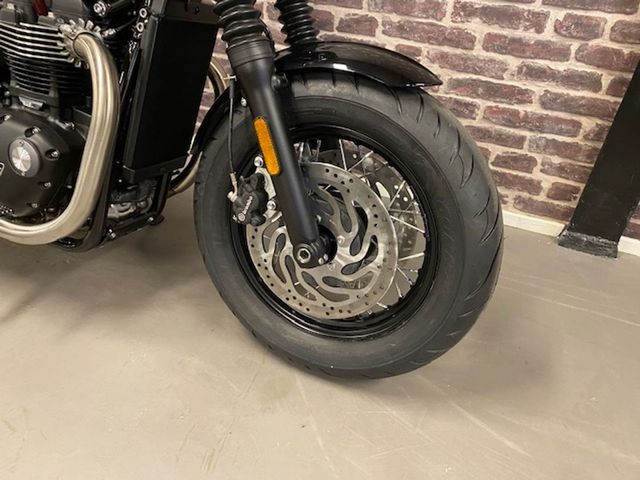 triumph - bonneville-bobber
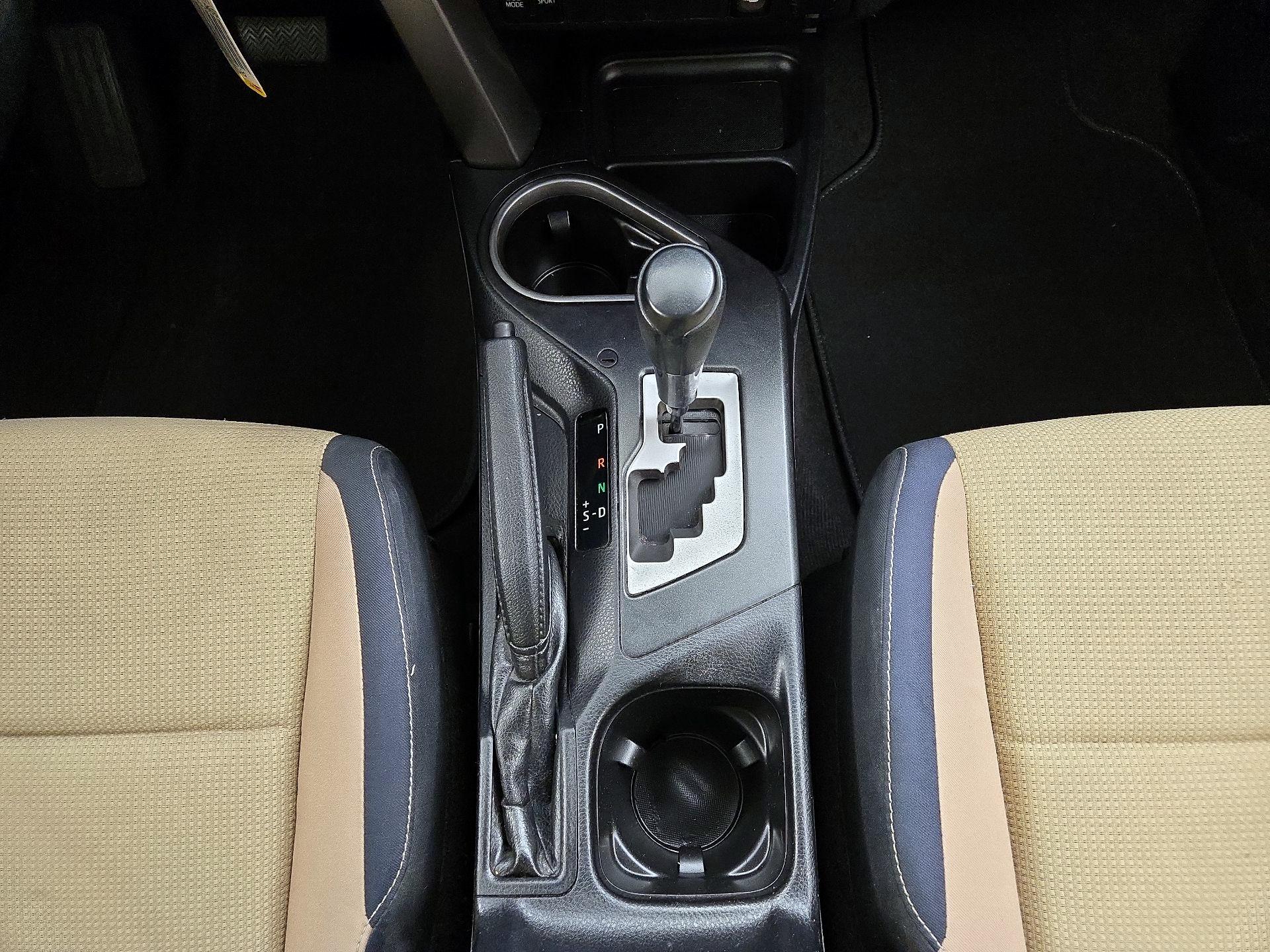 Thumbnail: 2016 Toyota RAV4 - 17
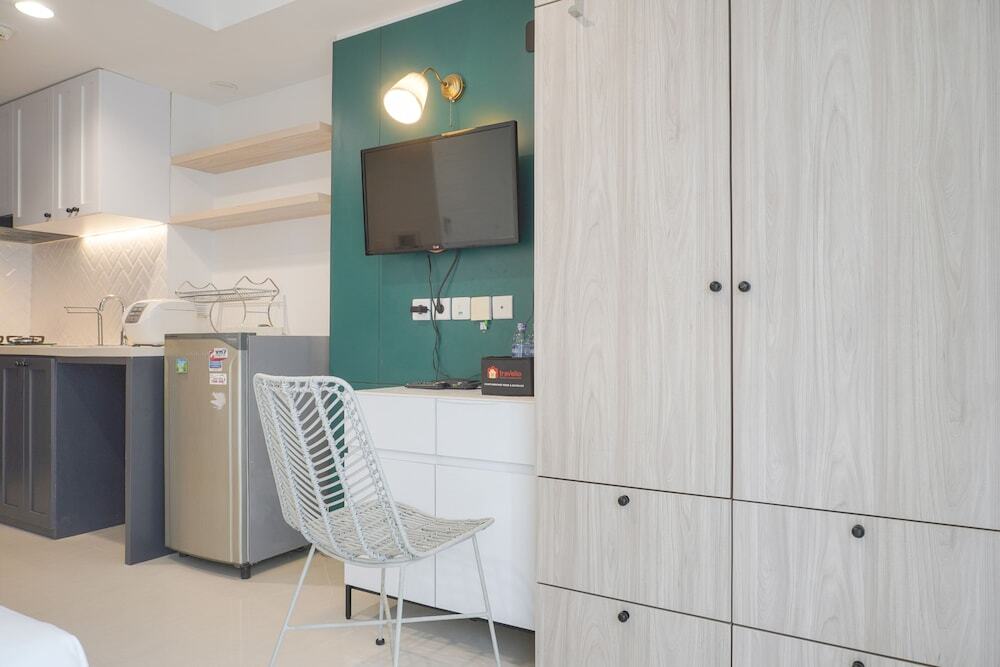 Джакарта: Warm And Simply Studio Room West Vista Apartment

________________________

What you should do: All lines of the listing must be given again exactly, excluding the pictures.

Answer box:
 triumph - bonneville-bobber
 Thumbnail: 2016 Toyota RAV4 - 17
 Джакарта: Warm And Simply Studio Room West Vista Apartment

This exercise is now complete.